Он всмотрелся сквозь сразу запотевшие очки. В машине на переднем сиденье сидел генерал. Он и позвал его. Шевченко Павел узнал генерала. Он его сразу узнал. Это был Иван Иванович Иванов, друг Марии Яковлевны Киселевой. Генерал был одет в новенький, чистенький, наглаженный мундир с рядами орденских ленточек, с генеральскими полевыми погонами и с двумя звездами на них – генерал-лейтенант.
Генерал вышел из машины. Лицо его улыбалось дружески, радостно и чуть растерянно.
– Как же я рад! – простуженно-сипловато сказал генерал. – Вот так встреча!
– И я – очень! – протер очки Шевченко Павел. Генерал ступил прямо в грязь, отвел Шевченко
Павла в сторону.
– И не узнать, – радовался он. – Ну и молодец! Постоим тут. Рота? Ваша? Пусть идут, вы их догоните. Я вас подвезу.
– Где Мария Яковлевна? – вырвалось у Шевченко Павла.
– Жива. Здорова. В Уфе. Она эвакуировалась туда вместе с детским домом. Я вам дам адрес. – Генерал снова улыбнулся, на этот раз смущенно и счастливо. – Она теперь моя жена.
– А Володя?
– Володя – старший лейтенант. Он тоже в Уфе. Воевал на Сталинградском фронте. Был ранен. Пулей. В грудь. Но выкарабкался. В госпиталь, – надо же такому случиться, – попал в Уфу. Сейчас он там на тыловой службе. В училище. Новых офицеров готовит.
– Я тоже был ранен под Сталинградом, – не сдержался Шевченко Павел. – И тоже лежал в госпитале в Уфе. Как же так – были рядом и не встретились.
– Война, – определил генерал. – Война дала людям неожиданные встречи, как у нас с вами. Но чаще наоборот – неожиданные невстречи.
– Невстречи, – согласился Шевченко Павел. – Я был и на фронте, и в госпитале, и в тылу, познакомился с очень многими людьми, но почему-то до сих пор мне не попался ни один киевлянин. За всю войну.
– А я их столько поперевидал, что иногда мне казалось – воюют только киевляне.
– С Украины и я встречал очень много людей. Но больше из сел. А вот из Киева…
– Послушайте, вашим учителем русского языка, мне говорила Мария Яковлевна, был Басенко?
– Владимир Павлович. Он жив?
– Нет, погиб. Его повесили немцы. На Софиевской площади.
– За что? Партизан? – удивился Шевченко Павел.
– Нет, в армию он не пошел. Спрятался. В селе. Дождался немцев и вернулся в Киев. Немцы поставили его на высокую должность. Он стал мэром Киева. Главой городской управы. Так сказать – горисполкома…
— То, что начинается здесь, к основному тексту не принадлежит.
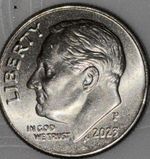 2023 Philadelphia Roosevelt Dime 10C Business Strike Copper KM#195
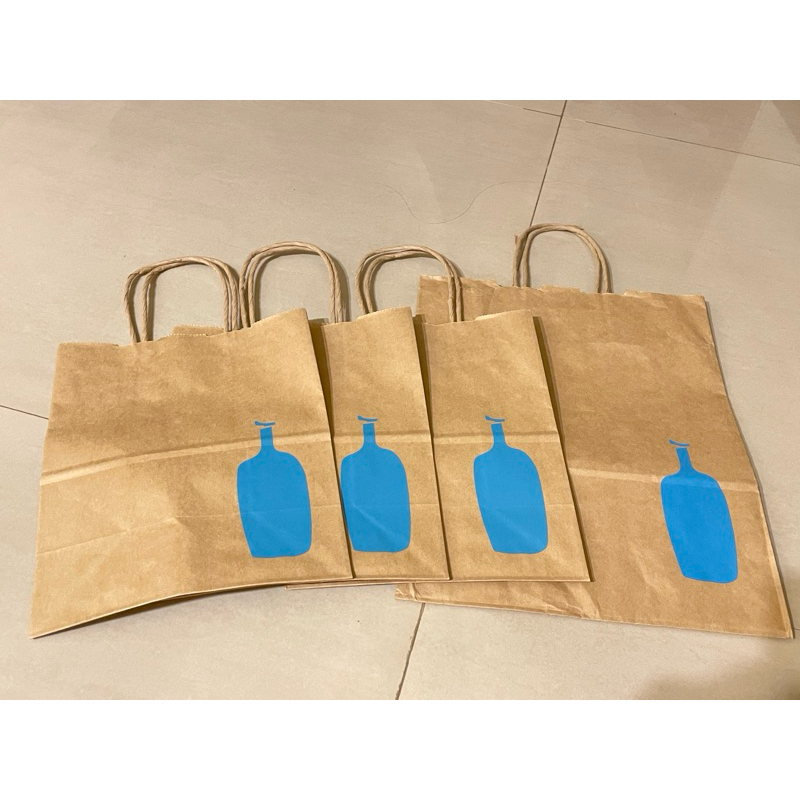 藍瓶咖啡紙袋和活動貼紙 購於上海專門店 Blue Bottle (舊金山品牌）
– Почему же немцы его казнили?
– За украинский национализм. Они основательно пропололи националистов. Им не нужны были люди, которые надеялись получить из рук Гитлера собственное государство… Ну поедемте. Я очень рад встрече, но не могу задерживаться. Война.
– Так Мария Яковлевна теперь – Иванова? – с неожиданной ревностью вдруг спросил Шевченко Павел.
– Нет, – рассмеялся генерал. – Она осталась Киселевой. Сказала, что Киселева очень распространенная фамилия, но если уж ее менять, то не на еще более распространенную – Иванова. Но Володя – поменял. Стал Ивановым.
Они подошли к машине. Генерал взял с сиденья сумку, вынул из нее листок бумаги и толстую, в два пальца толщиной, самопишущую ручку, написал адрес Марии Яковлевны в Уфе и отдал листок Шевченко Павлу.
Они догнали бредущую по дороге роту, генерал вышел из машины и вдруг обнял и поцеловал Шевченко Павла.
– Берегите себя, – сказал он. – Нужно выжить. Нужно встретить победу живым и целым.
Они простились. Шевченко Павел шел по мокрой дороге, глядя под ноги.